No one is ever concerned with men’s modesty.
It is always always a woman’s “virtue.”
Fuck fucking modesty.
Or if we’re going to have it – if it is something we’re going to value,
Then we’re going to have to think about how men are going to exhibit modesty.
Keep your legs together, gentlemen, at all costs. You don’t want to send the wrong message.
Don’t talk too loudly or laugh at volume.
Keep your voices soft and pleasant.
Are you used to sharing your opinions?
It’s time to pull those back. Modesty means offending no one
And opinions are risky that way.
In fact, to be safe, only speak when spoken to.
That’s the most modest way.
Don’t let any flesh be exposed.
I mean, sure, your face and neck, ears
Maybe your hands are going to have to be seen
But no more ankles. No more calves –
You will have to cease wearing those revealing shorts and t-shirts.
What are you trying to do when you show us all that flesh?
Modesty, gentlemen, is a virtue.
The less we see of you
The less we hear of you
The better.
For so I shall, If it be made of penetrable stuff, If damnéd custom have not brassed it so That it be proof and bulwark against sense.
May all our hearts remain so –
Soft and open
Unbrassed
Uncovered, ungilded, unhardened, unencased.
May the habits, patterns and relentless difficulties of our lives not become so overwhelming
That we have to do metalwork on our hearts.
Brass. Iron. Whatever casement we might need
To keep the softness safe.
Because the trouble is – once the case has been built, it is terribly hard to pry open again.
Peace, sit you down, And let me wring your heart.
The storyteller comes to the town. She is a stranger there, though not unknown. She has come to town before but it was so long ago, none of the children had been born. The children that were there the last time were now the parents and they remembered her.

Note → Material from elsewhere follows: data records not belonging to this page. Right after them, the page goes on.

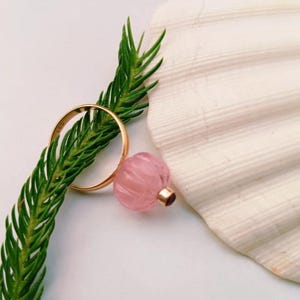 May include: A gold ring rests on a green sprig, next to a pink, carved glass bead with a gold-colored metal cap. A large, white seashell provides a textured backdrop.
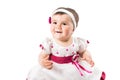 Little cute baby-girl in pink dress isolated on white background Royalty Free Stock Photo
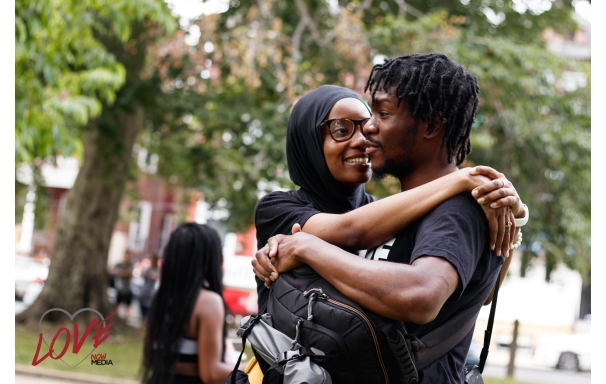 a woman hugging a man while the man carries a backpack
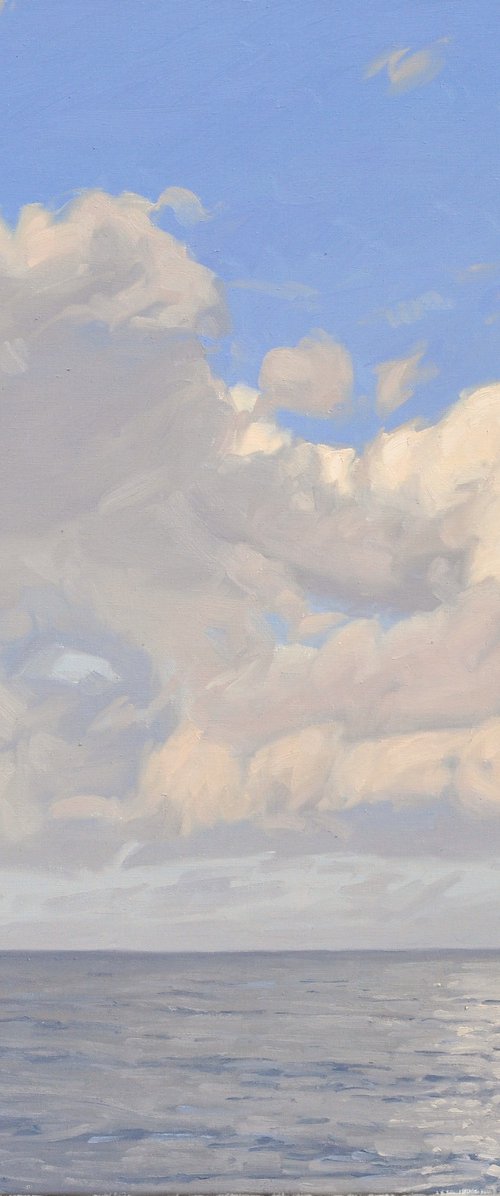 Clouds over the sea, morning sun by ANNE BAUDEQUIN
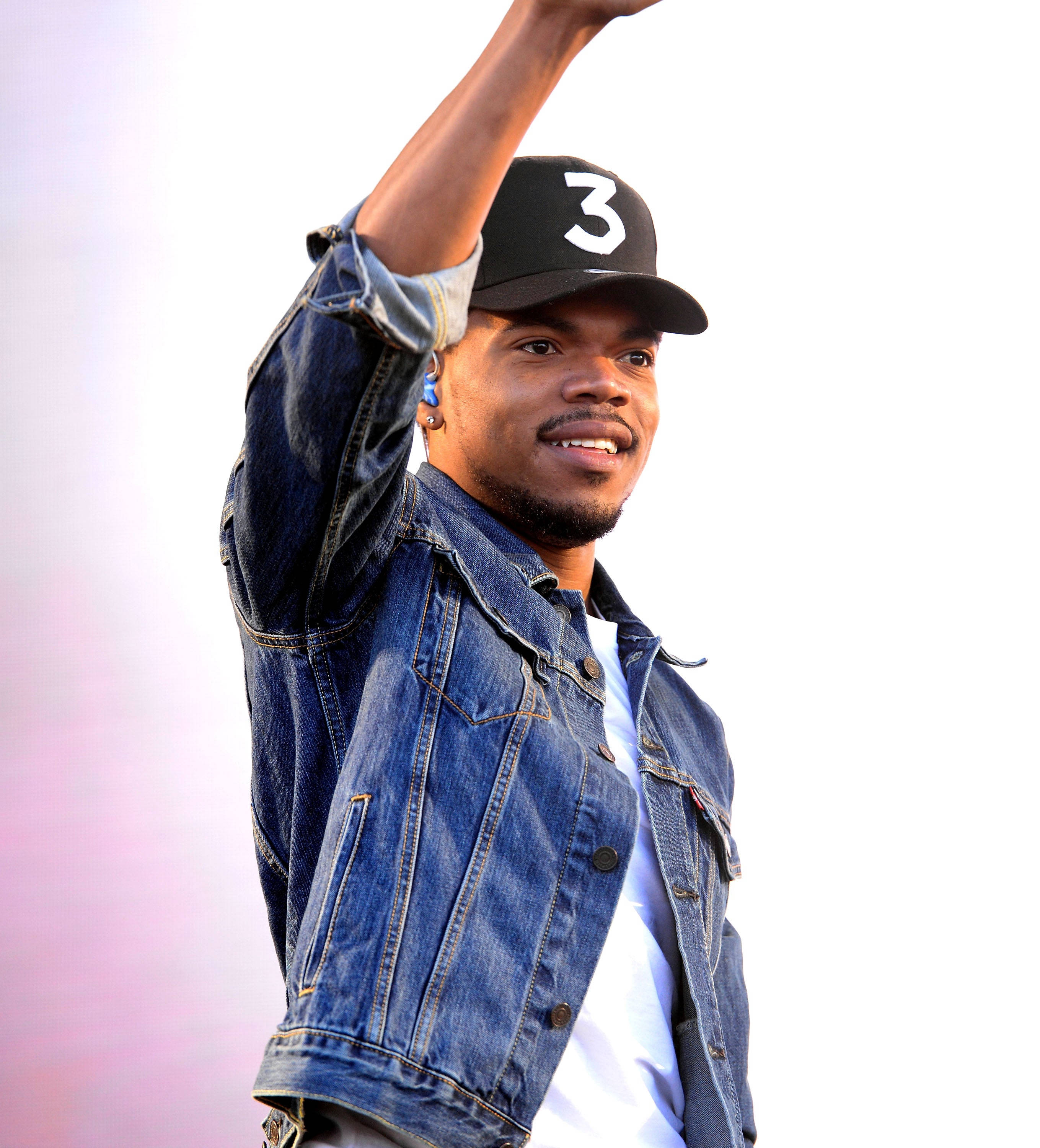 開心的Chance the Rapper 壁紙 — 一個微笑的男人穿著牛仔外套和黑色帽子，帽上有白色數字三，在柔和的粉紅色和白色背景前舉起手臂。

They hurried her into the town center. As they went, they told her little bits of news. The town, it seems, had fallen on strange times. The people had grown intolerant of each other – complaining of their neighbors and talking of bringing in a new leader who would be tough on such things.
The storyteller listened to their complaints and their plans, these people who, when she last saw them, had been children. Last time, they had clambered for stories of elephants, and funny crocodiles. Something had happened. They were calling their children to come listen to these sorts of stories again – but the storyteller held up a hand and suggested they wait.
“I have a story just for you first,” she said.
“We’ll have the children next. You first.”
The parents protested – no, no, they wanted the stories only for their children.
Then the storyteller told them what she was going to do.